Sentiment Analysis on Tweets

Natural Language Processing (NLP) is a multidisciplinary research area which focuses on understanding, analyzing and generating human languages. Since natural languages are complex phenomena, NLP is a very rich field that try to solve many different tasks: from Speech Recognition to Sentiment Analysis, from Text Summarization to Machine Translation.

As part of Data Mining, Text Mining and Big Data Analytics exam, I performed a sentiment analysis on a large supervised dataset of tweets (Sentiment140 dataset).
Here you can find the notebook of this project, which is focused on exploring 3 different text representations (Bag-of-Words, TF-IDF and Word2Vec) and comparing 3 classification models (Multinomial Naive Bayes, Logistic Regression, Multi-layer Perceptron (MLP)).

You can directly run the notebook on Colab here.

In the following sections I briefly described some of the NLP techniques that I used

If you are interested, you can find a more extensive description, as well as the training configuration and the results, in this notebook.

  1. Word Cloud
  2. Tweets Features Extraction
  3. Text Preprocessing
  4. Text Representations
    1. Bag-of-Words
    2. TF-IDF
    3. Word2Vec

Word Cloud

To have a first look at our data, we can rely on a very common visual representation named Word Cloud.
In a word cloud, each word is written with a font size proportional to its frequency in the text ( i.e. bigger term means higher frequency). Thus, Word Cloud is very useful to quick perceive the most prominent terms in a text.

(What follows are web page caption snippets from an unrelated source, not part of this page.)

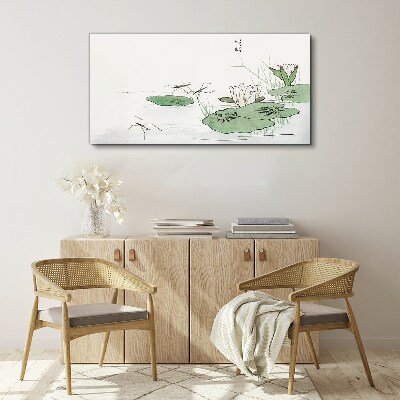 Canvas schilderij Waterlelies op de vijver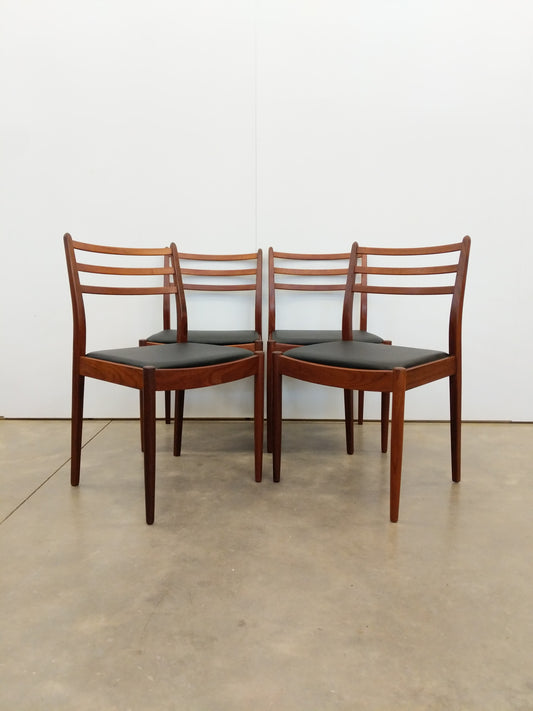 Set of 4 Vintage Mid Century Modern Dining Chairs by G Plan
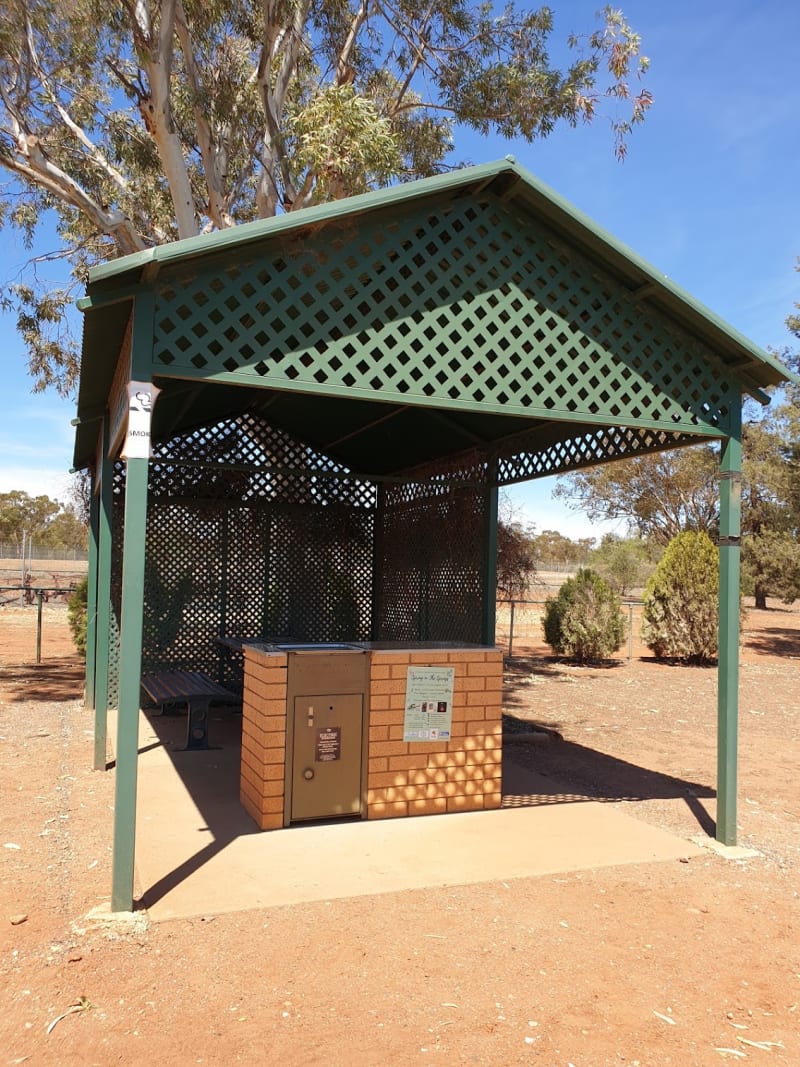 PIONEER PARK BBQ Area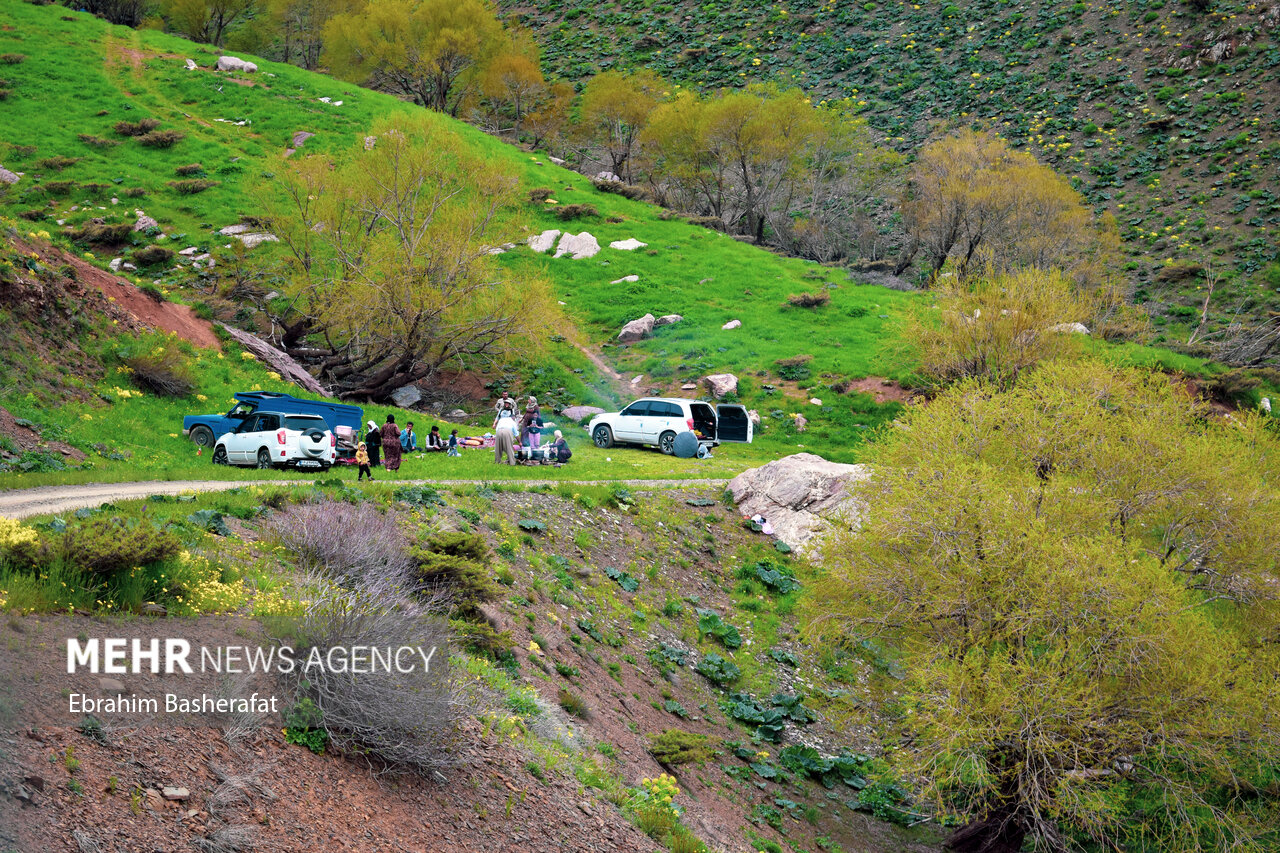 طبیعت زیبای کوهستان‌های گادر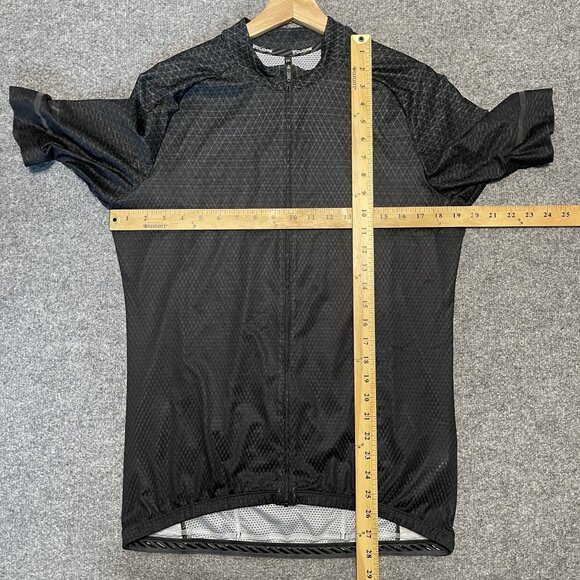 Cuore Giant Mens Cycling Jersey 2XL Black Full Zip Short Sleeve Lightweight - Picture 6 of 6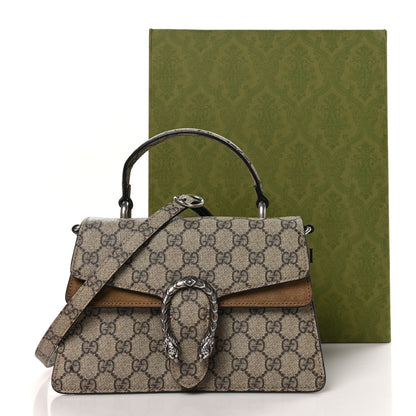 Gucci GG Supreme Monogram Small Dionysus Top Handle Bag Taupe 10 of 10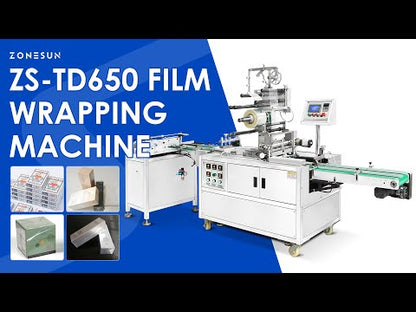 Zonesun ZS-TD650 Automatic Cellophane Wrapping Machine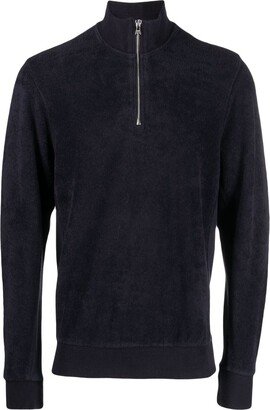 Half-Zip Cotton Sweater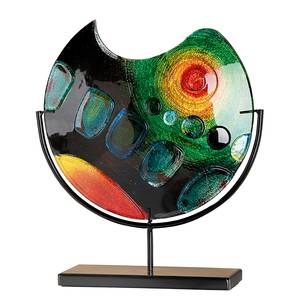 Vase auf Ständer Sunrise Farbglas - Mehrfarbig - Höhe: 39 cm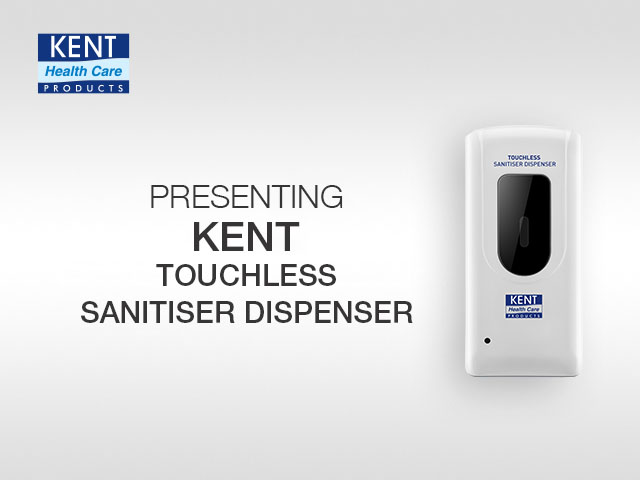 KENT Touchless Hand Sanitizer Dispenser - 1Ltr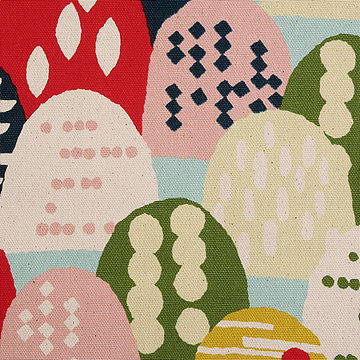 [코스모] 북유럽의 숲 21705 02 옥스포드 프린트원단 - 민트 (1/2Yd)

In Figure 1, you can see the word cloud of negative tweets (on the left) and positive tweets (on the right).

Figure 1.

By looking at these two images, we can make some considerations:

  • in positive word cloud there are terms like good, love, thank, and also lol, great, happy, fun; while in negative word cloud we read words like work, back, bad, and also miss, hate, sorry, sad, tired. Thus, even with this preliminary inspection, we are able to observe some difference between the corpus of positive and negative tweets.
  • As expected, some very frequent terms such as day, now, going are in common to the word clouds, since they can be used in both the contexts.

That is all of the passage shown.